Crucially, the snowman in director Jerry Ciccoritti’s movie does not remain a snowman, not like the 1969 animated TV special, but transforms from an anthropomorphic snow sculpture of a man into an actual man, nay, hunk, a Hot Frosty, as it were, christened Jack, played by Dustin Milligan with long hair and frequently no shirt, his conspicuously popping veins making him look like a lighter weight Olympic weightlifter. He inadvertently runs afoul not of a traffic cop as in the song, but an overzealous sheriff played by a game Craig Robinson as a comical version of “Cool Hand Luke’s” Boss Godfrey crossed with “It’s a Wonderful Life’s” Mr. Potter. Is “Hot Frosty” Capraesque in so much as it seems to be arguing for strength in community and against the overreach of the state? Or does it shrewdly write its sheriff off as a Bad Apple as not to offend? And is it folly to ascribe intent to a Netflix Christmas movie? 
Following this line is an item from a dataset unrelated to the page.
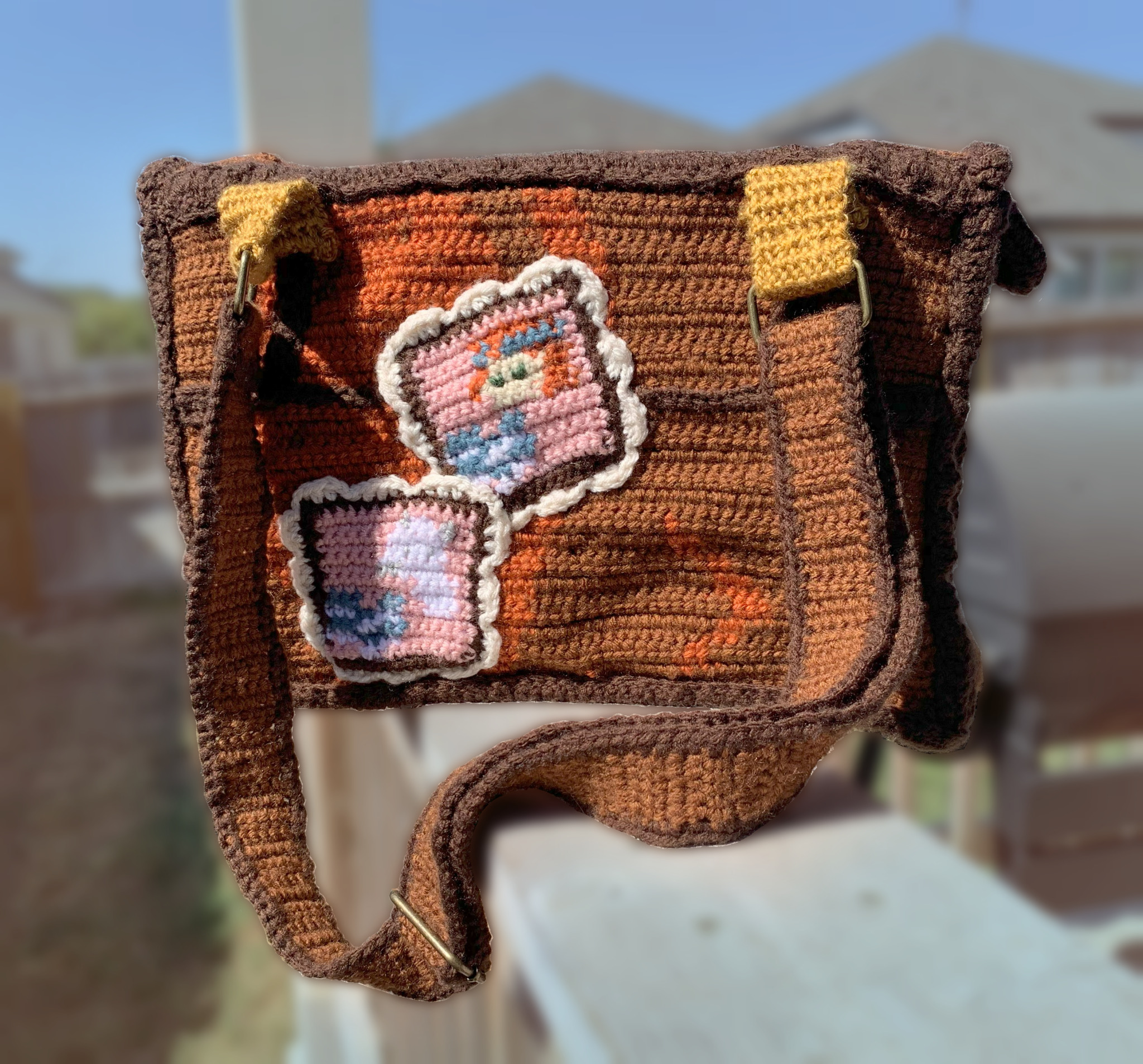 Back side of a bag with crocheted stamps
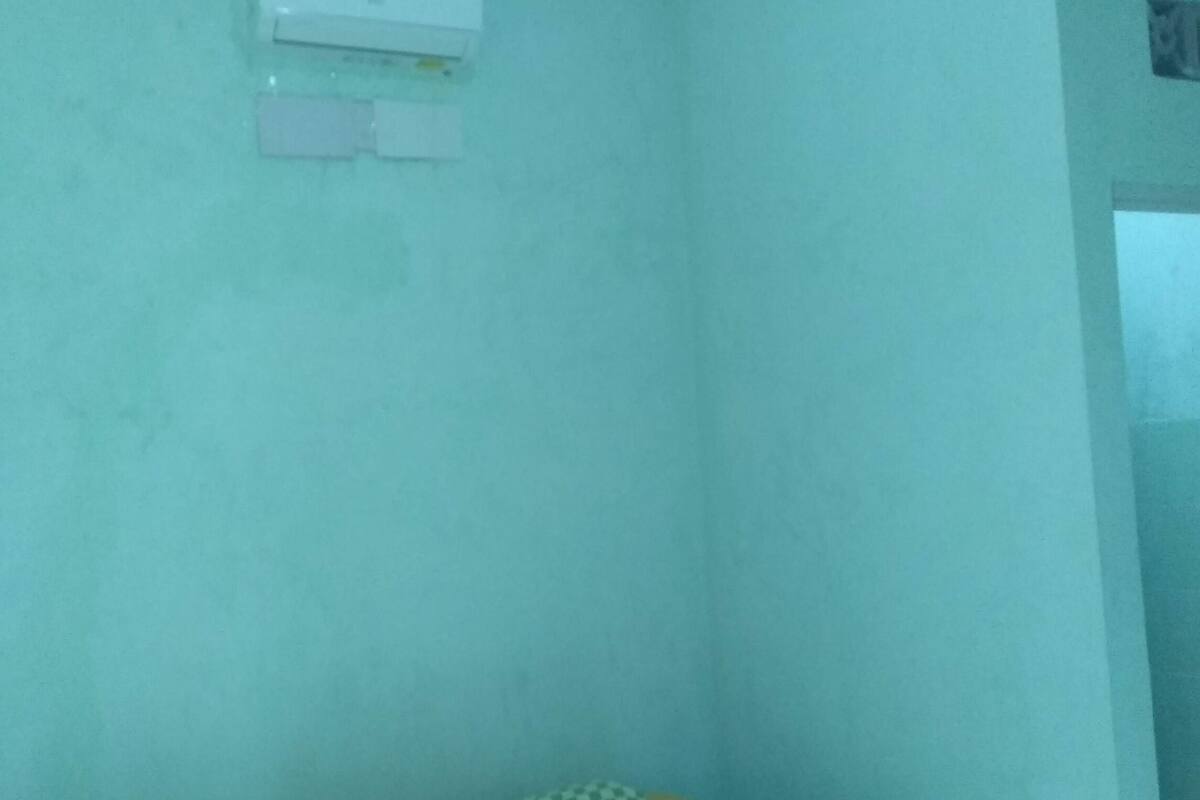 Ein Zimmer mit einer hellblauen Wand, einem kleinen Bett mit einem gemusterten Überwurf und einer weißen Wandklimaanlage.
Anyway, “Hot Frosty” is less concerned with injecting meaning than heat, in a manner of speaking, between Kathy and Jack. Trouble is, Jack is both written and played by Milligan as too much of an innocent, and in betraying her Hallmark Channel roots, Chabert is too sanitized and sentimental, as their scene at a middle school dance, of all places, inadvertently evokes, where they come across less like consenting adults than an overgrown kid and a chaperone and, oh my god, did the editors realize this midway through but know they had no choice other than pressing on? On the other hand, “Hot Frosty” occasionally breaks the genre’s church bake sale-type mode with some PG-13 flavor in recurring double entendres and comically compromised positions between Jack and the older Jane (Lauren Holly). “Can I give you a push from behind?” he asks when helping remove her car from a snowbank. The scene ends with an, eh, humorous climax, and I was left to wonder if all these made for TV Christmas movies are akin to the Victoria era, a prudish surface masking so many primal urges just below.